To one panel, unions are both moribund and living obstacles

Even though he received 6,000 applications to fill 60 teacher positions last years, charter school operator Seth Andrew said he still has trouble hiring the right people for the job.

Andrew, who runs four Democracy Prep Charter Schools in Harlem said even the promise of a $65,000 starting salary – 50 percent above that of a city teacher’s – did not attract the kind of teaching talent he wants for his schools.

The reason, he said this morning, was that state laws — he called them “barriers” — require most prospective teachers to earn an education degree before they can to teach in a classroom. He said those degrees did not assure that a teacher would be effective, echoing an argument frequently made by advocates of non-traditional teacher training programs.

“It doesn’t matter how you enter the classroom,” Andrew said.

Andrew was one of four panelists at a breakfast sponsored by the Manhattan Institute, a conservative think tank, that was held to celebrate the release of “Teachers Matter,” a new book authored by senior fellow Marcus Winters.
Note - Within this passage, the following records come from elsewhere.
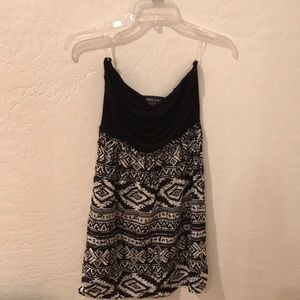Tribal print strapless dress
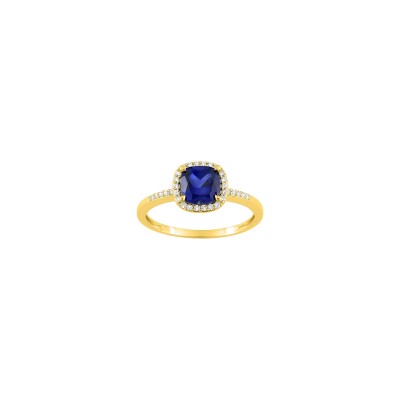 Bague en or jaune, diamant 0.12ct et saphir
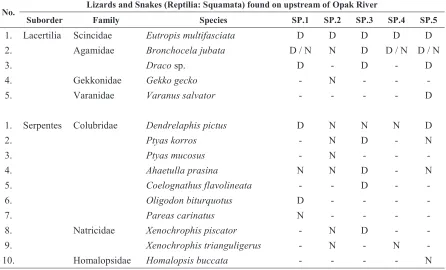 TABLE 2. Lizards and snakes (Reptiles; Squamata) found on the upstream of the Opak River
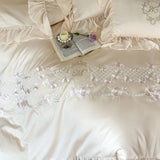1000TC Egyptian Cotton Flowers Embroidery Lace Ruffles Princess Bedding Set Duvet Cover Flat/Fitted Bed Sheet Pillowcases 4Pcs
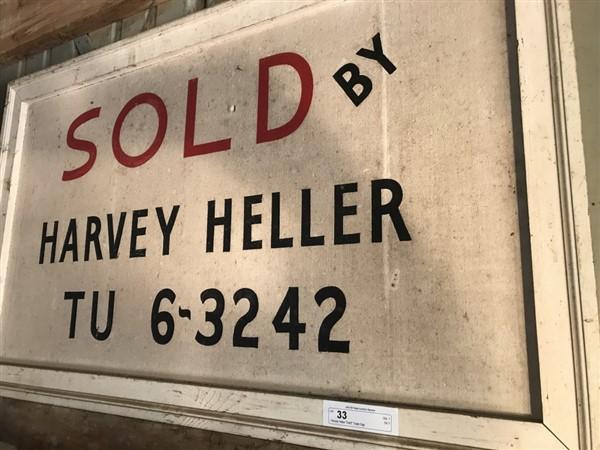 Harvey Heller "Sold" Trade Sign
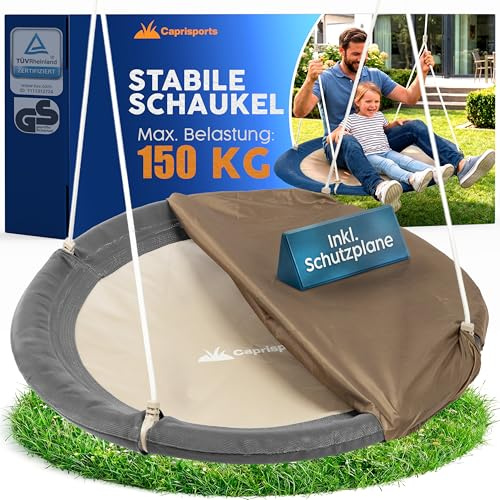 Nestschaukel Outdoor - [inkl. Abdeckhaube] - TÜV/GS geprüft - Höhenverstellbare Schaukel Outdoor und Indoor für Kinder und Erwachsene - bis 150 kg - Netzschaukel oder Korbschaukel
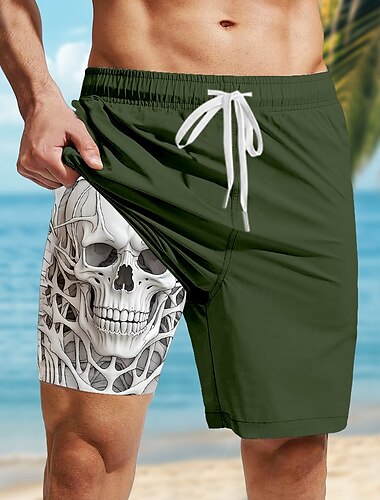  Herren Schädel Gefütterte Shorts 2 in 1 Badeshorts Badeshorts Mittlere Taille Hawaiianisch Lässig Urlaub Ferien Strandbekleidung Seitentaschen Farbblock Mit Kompressionsfutter Designer Bekleidung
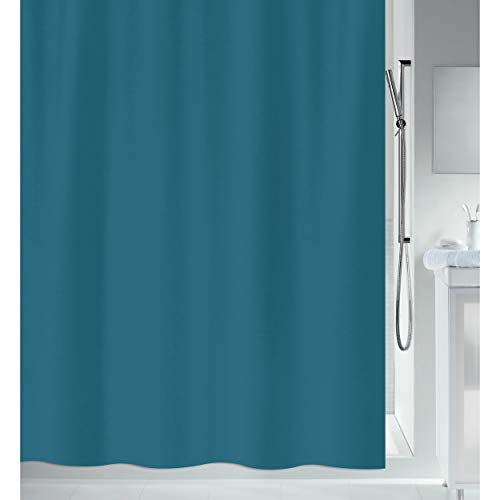 Spirella Anti-Schimmel Duschvorhang - Anti-Bakteriell, waschbar, wasserdicht - Polyester, „Primo “ 180x200cm Blau von Spirella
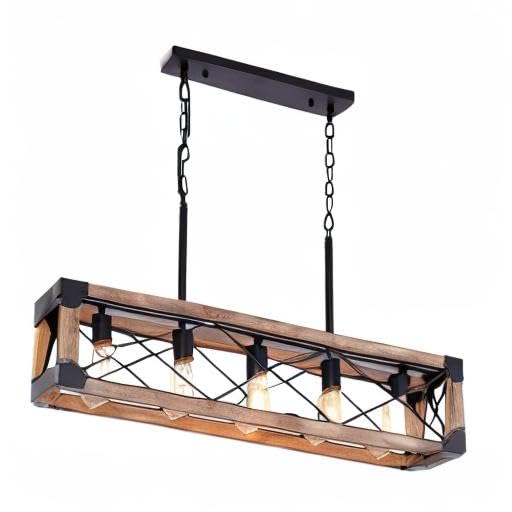 Airposta 33.5" 5-Light Farmhouse Kitchen Island Chandelier, Rustic Wood Grain Industrial Pendant Light for Dining & Pool Table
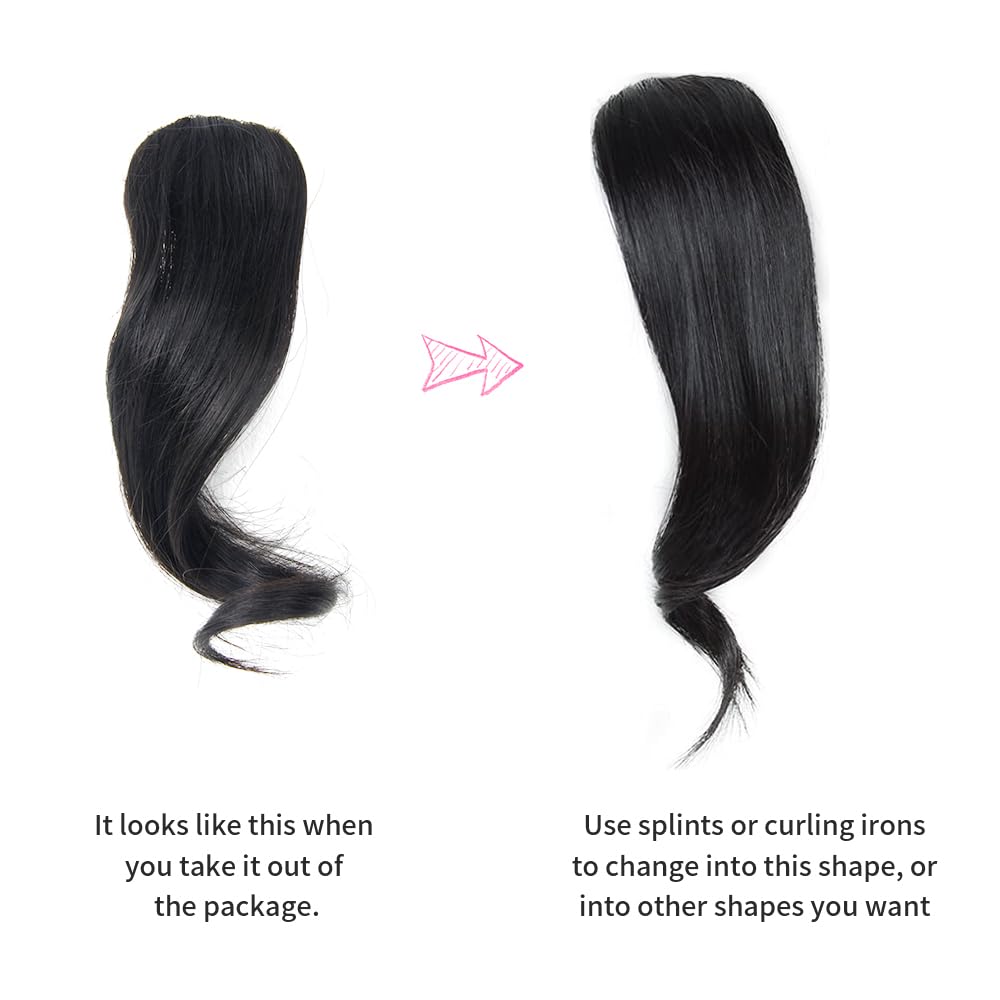 2PCS Wave Side Bang Clip in Bangs Real Human Hair Wave Fringe Hair Extensions(Natural Black Color)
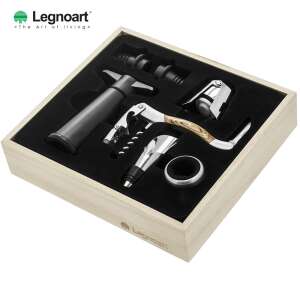 Комплект от 7 части Legnoart Memorabile Wine Connoisseur, отварачка за вино, тирбушон, тапа за бутилка, наливачка, пръстен против капки, подаръчен комплект - Отварачка за вино и коркшот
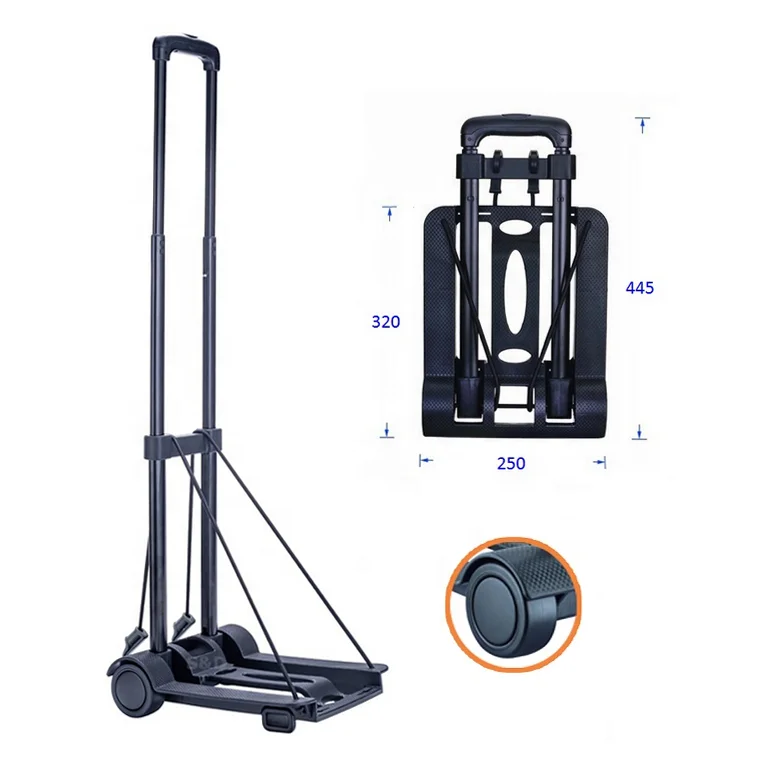 2022 mini telescopic portable lightweight folding shopping retractable luggage hand trolley cart truck promotion gift with logo
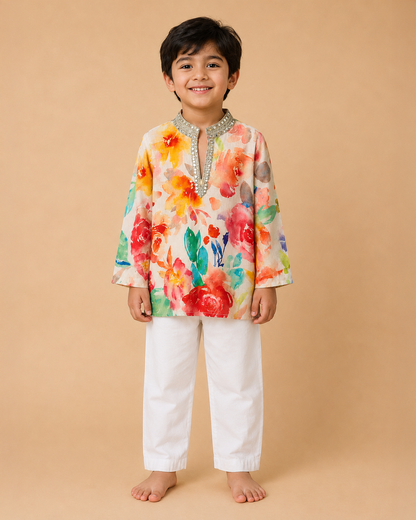 Elegant white floral kurta set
Ex-Schools Chancellor Joel Klein delivered a keynote address lauding the role school choice plays in school reform.

Panel members pointed to what they saw as obstructions reforming teacher recruitment, evaluation, and retention — main issues raised in Winters’ book.

And some panel members didn’t mince words when it came to what they believed was at the root of the problem: teachers unions.

Chris Cerf, New Jersey’s education commissioner and a former deputy chancellor for New York City’s education department, said that any discussion about education policy could not be had without understanding how unions influence the debate.

But Cerf said that particularly since the Obama administration’s Race to the Top competition, the political tides had clearly turned and suggested that union leaders would be forced to follow suit whether they like it or not.

“One national union leader realizes the unions are in fatal jeopardy,” Cerf said. He added that “an effective union leader can manage a tactical retreat.”

Cerf would not specify which of the nation’s union presidents he was talking about. American Federation of Teachers President Randi Weingarten has traditionally been seen as more willing to consider new education policies, such as merit pay, favored by reformers. But last week, the National Education Association published a report advocating for tougher teacher evaluations and quicker dismissals for ineffective teachers.

“AFT isn’t in mortal jeopardy,” Weingarten tweeted in response to Cerf’s comment. “We are trying to have a voice in our profession … that is a movement forward.”